Hauliers still counting cost of Calais crisis

By Categories: NewsPublished On: Sunday 30 August 2015

frontpage_b_smallUK fleets operating on the Continent are continuing to count the cost of the ongoing migrant situation at Calais.

The Road Haulage Association (RHA), which has repeatedly called for French military intervention over the summer to help stem the crisis, has welcomed a new agreement between the UK and French governments which aims to ameliorate the migrant situation at the Port – while also seeking assurance that the government will work closely with the RHA to help mitigate the impact on fleet operators.

The new agreement, signed by UK home secretary Theresa May and the French interior minister Bernard Cazeneuve, covers four key areas: ensuring effective security at the port and the Channel Tunnel; outlining improved collaboration between the countries’ respective law enforcement agencies; the management of the existing migrant situation at Calais; and European and international action.

Key measures are to include additional French police deployment, and UK investment in security around the Eurotunnel railhead, and within the tunnel itself. Additional freight search teams, “to drive down the number of clandestine stowaways and the direct risk to life associated with [migration] attempts,” would also be deployed, the agreement stated.

Meanwhile, each state said it would nominate a ‘gold commander’ “to give unified authority for work to understand, deter, disrupt and interdict criminal activity associated with bringing would-be migrants to the Nord Pas-de-Calais or into the United Kingdom.”

In addition, a joint command and control centre would be established in Calais “to intensify cooperation against organised immigration crime.”

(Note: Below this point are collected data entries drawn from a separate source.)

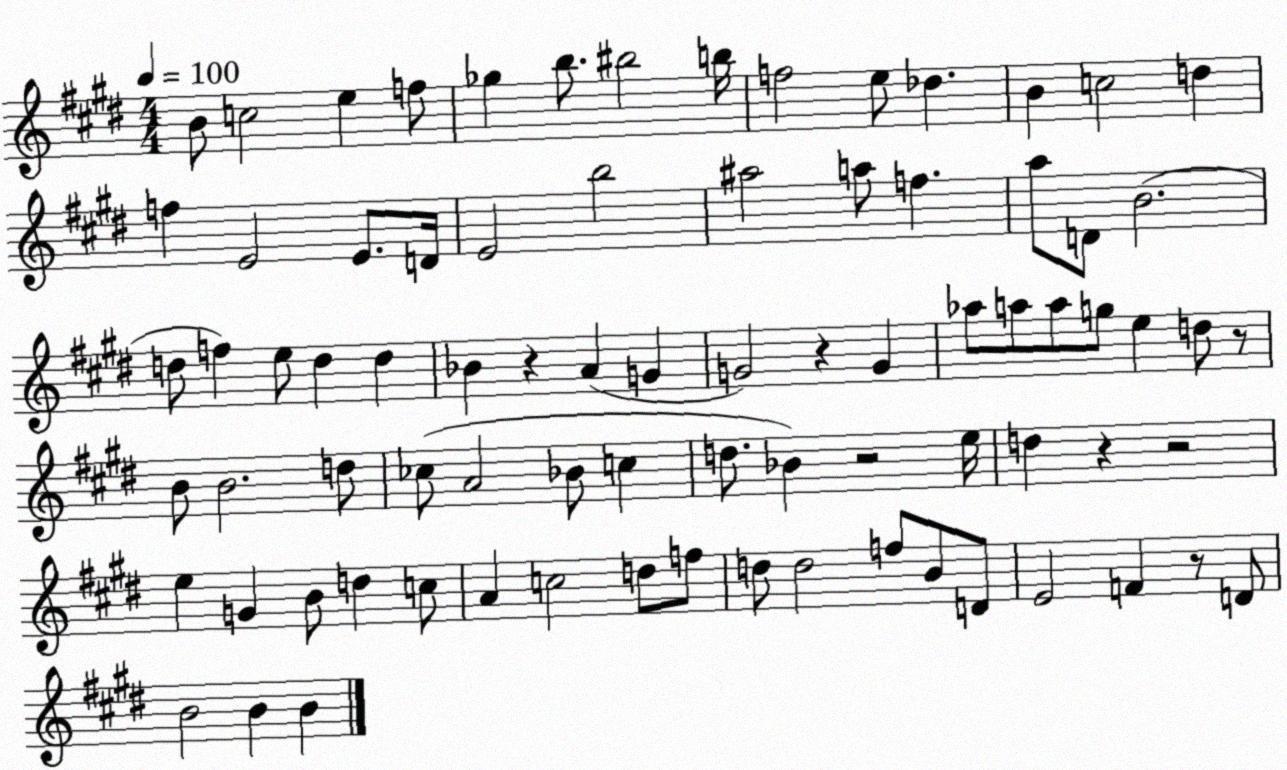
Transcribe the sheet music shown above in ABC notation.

X:1
T:Untitled
M:4/4
L:1/4
K:E
B/2 c2 e f/2 _g b/2 ^b2 b/4 f2 e/2 _d B c2 d f E2 E/2 D/4 E2 b2 ^a2 a/2 f a/2 D/2 B2 d/2 f e/2 d d _B z A G G2 z G _a/2 a/2 a/2 g/2 e d/2 z/2 B/2 B2 d/2 _c/2 A2 _B/2 c d/2 _B z2 e/4 d z z2 e G B/2 d c/2 A c2 d/2 f/2 d/2 d2 f/2 B/2 D/2 E2 F z/2 D/2 B2 B B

In late August, reports also emerged of plans for a new camp to provide basic humanitarian facilities for Calais migrants, which will be funded by the European Union to the tune of €5 million.

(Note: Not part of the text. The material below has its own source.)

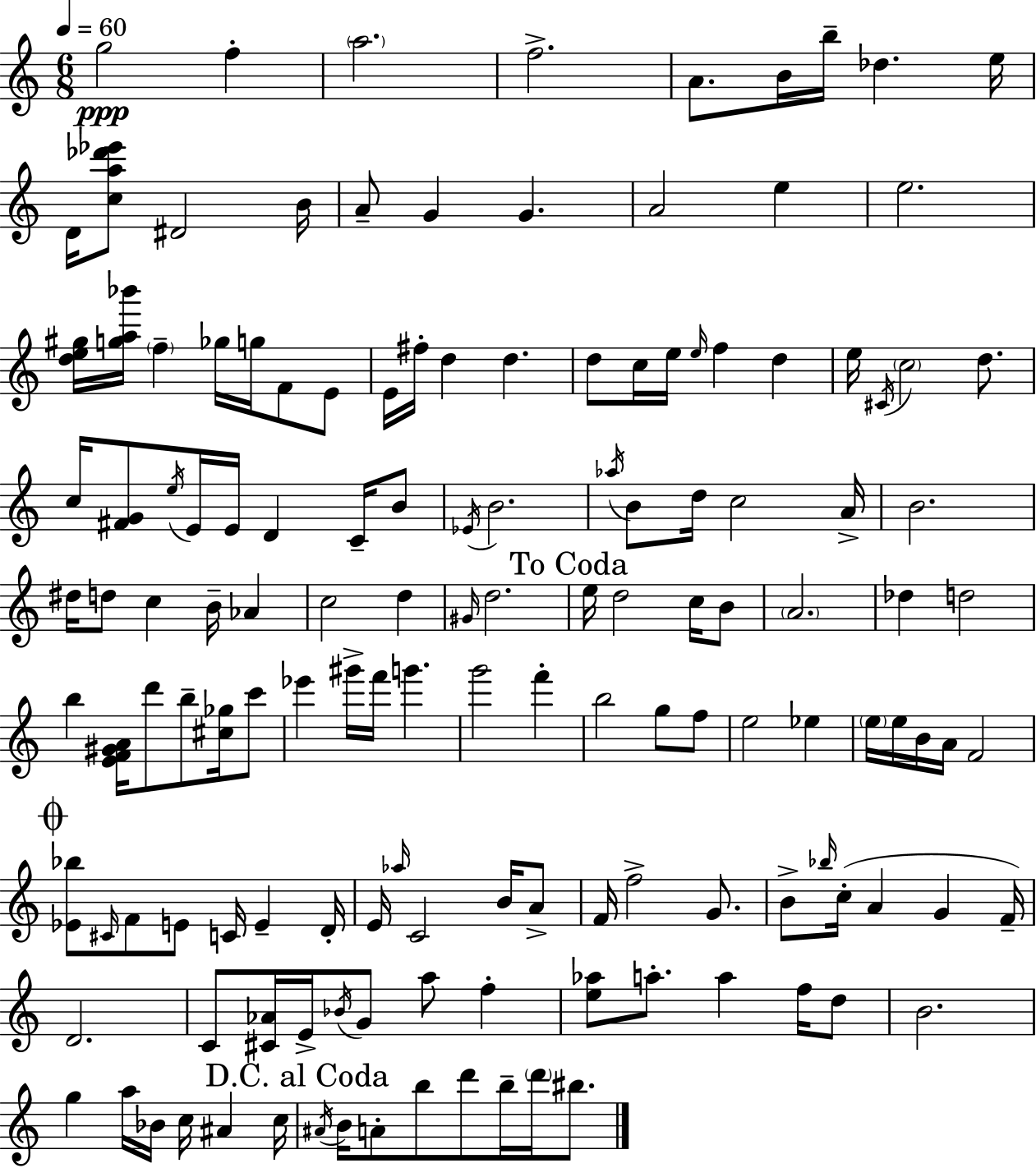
G5/h F5/q A5/h. F5/h. A4/e. B4/s B5/s Db5/q. E5/s D4/s [C5,A5,Db6,Eb6]/e D#4/h B4/s A4/e G4/q G4/q. A4/h E5/q E5/h. [D5,E5,G#5]/s [G5,A5,Bb6]/s F5/q Gb5/s G5/s F4/e E4/e E4/s F#5/s D5/q D5/q. D5/e C5/s E5/s E5/s F5/q D5/q E5/s C#4/s C5/h D5/e. C5/s [F#4,G4]/e E5/s E4/s E4/s D4/q C4/s B4/e Eb4/s B4/h. Ab5/s B4/e D5/s C5/h A4/s B4/h. D#5/s D5/e C5/q B4/s Ab4/q C5/h D5/q G#4/s D5/h. E5/s D5/h C5/s B4/e A4/h. Db5/q D5/h B5/q [E4,F4,G#4,A4]/s D6/e B5/e [C#5,Gb5]/s C6/e Eb6/q G#6/s F6/s G6/q. G6/h F6/q B5/h G5/e F5/e E5/h Eb5/q E5/s E5/s B4/s A4/s F4/h [Eb4,Bb5]/e C#4/s F4/e E4/e C4/s E4/q D4/s E4/s Ab5/s C4/h B4/s A4/e F4/s F5/h G4/e. B4/e Bb5/s C5/s A4/q G4/q F4/s D4/h. C4/e [C#4,Ab4]/s E4/s Bb4/s G4/e A5/e F5/q [E5,Ab5]/e A5/e. A5/q F5/s D5/e B4/h. G5/q A5/s Bb4/s C5/s A#4/q C5/s A#4/s B4/s A4/e B5/e D6/e B5/s D6/s BIS5/e.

Richard Burnett, chief executive at the RHA (pictured, right), said that government collaboration with the association would be: “vital, particularly if the location of attacks on our members’ vehicles moves further out from the Port and Tunnel areas as we suspect will be the case.”

Burnett had previously challenged the prime minister David Cameron to go with him to Calais to: “see for himself the appalling conditions that drivers are facing.”

Earlier in the summer, trade association bosses provided stark evidence to MPs about the impact on hauliers of the migrant situation at the Port of Calais – an issue exacerbated by recent ferry strikes, which left drivers stranded for days on both sides of the English Channel.

The Freight Transport Association estimated at one stage that the delays were costing the UK’s logistics industry around £750,000 per day, and has called for compensation from the French government; while the Department for Transport was forced to temporarily relax EU drivers’ hours rules for those stuck on the M20 in Kent while Operation Stack was in effect – a move FTA called a “pragmatic approach to one part of a difficult situation.”